Compared to previous Dead Rising games, the Maniacs -themed boss characters who were previously referred to as Psychopaths, rebranded in what appears to be a not entirely successful attempt to make them less offensive with a new name- have been considerably de-emphasized. There are still boss battles, but they’re generally against much more pedestrian enemies, like soldiers in power armor or particularly strong zombies.

Meanwhile, Maniacs are side quests, easily skippable if you’d rather not get involved, with little of the drama or presentation seen in previous games. For example, you can still save non-infected humans from zombies for a small reward. Before, you had to babysit many survivors on their way back to a safe house, or give them weapons and hope for the best, but here, once they’re saved, they’re good. They go right back on their way. It’s one less point of failure for the player, and Dead Rising 4 has fewer of them than any game in the series, which for me they should have kept in.

Inventory space used to be at a premium, with limited room for food and weapons. But now Frank has separate collections of slots for grenades, melee weapons, ranged weapons and healing items, each of which can be upgraded. By the end of Dead Rising 4, I had about eight slots for weapons and four for healing items, meaning I was carrying around a sleigh’s worth of murder toys at any given moment.

Another game changer is the save system, the older, clunkier systems have been replaced by a generous checkpoint-and-auto save system here, but that didn’t really matter to me, because I never died in my 20-hour playthrough of the game. With labotomised, avoidable maniacs, vastly more powerful weapons freely available, and no timer rushing me along, the game was never hard like the previous titles. I should add, however, that since launch Capcom have now added a harder mode and time limit which should rectify this.
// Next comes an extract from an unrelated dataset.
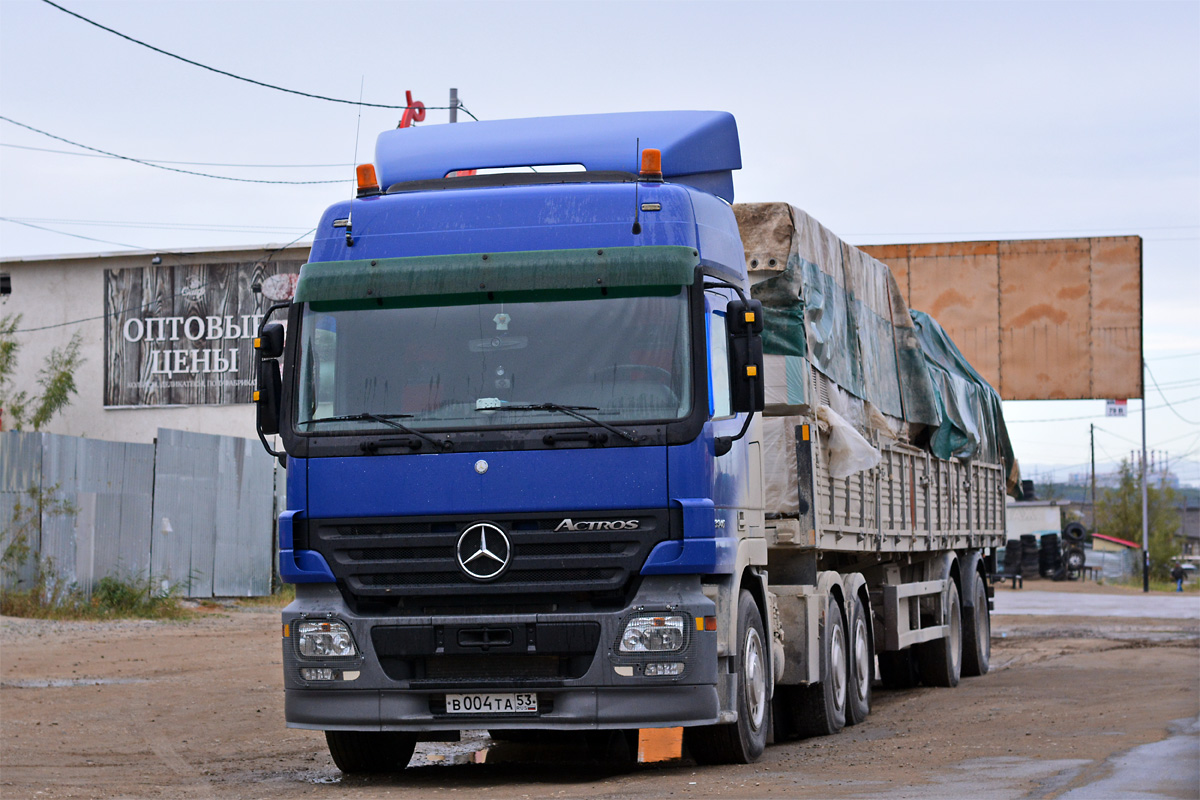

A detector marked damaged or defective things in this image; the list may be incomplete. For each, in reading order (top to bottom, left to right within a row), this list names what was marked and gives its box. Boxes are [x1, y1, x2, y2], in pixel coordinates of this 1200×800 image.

rusty billboard [864, 236, 1142, 400]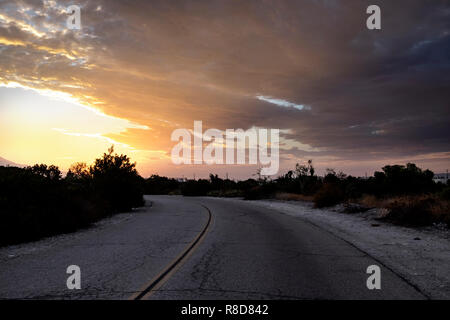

For players who are more invested in Dead Rising’s survival roots, there is one potential lifeline in Dead Rising 4’s multiplayer component. While cooperative play is bizarrely omitted from the main game — despite some vehicles seeming specifically designed for it — the separate online mode places up to four players in a series of escalating scenarios with a more traditional inventory system and much less resilient characters. Survival there is far less assured, and you can run it alone, if you want to.

Overall, I found myself warming to this game more than the others in the series. I do miss some of the items the previous ones had, but overall it is an enjoyable little Sunday romp. Dead Rising isn’t going to win any horror awards, but you can’t say it’s boring.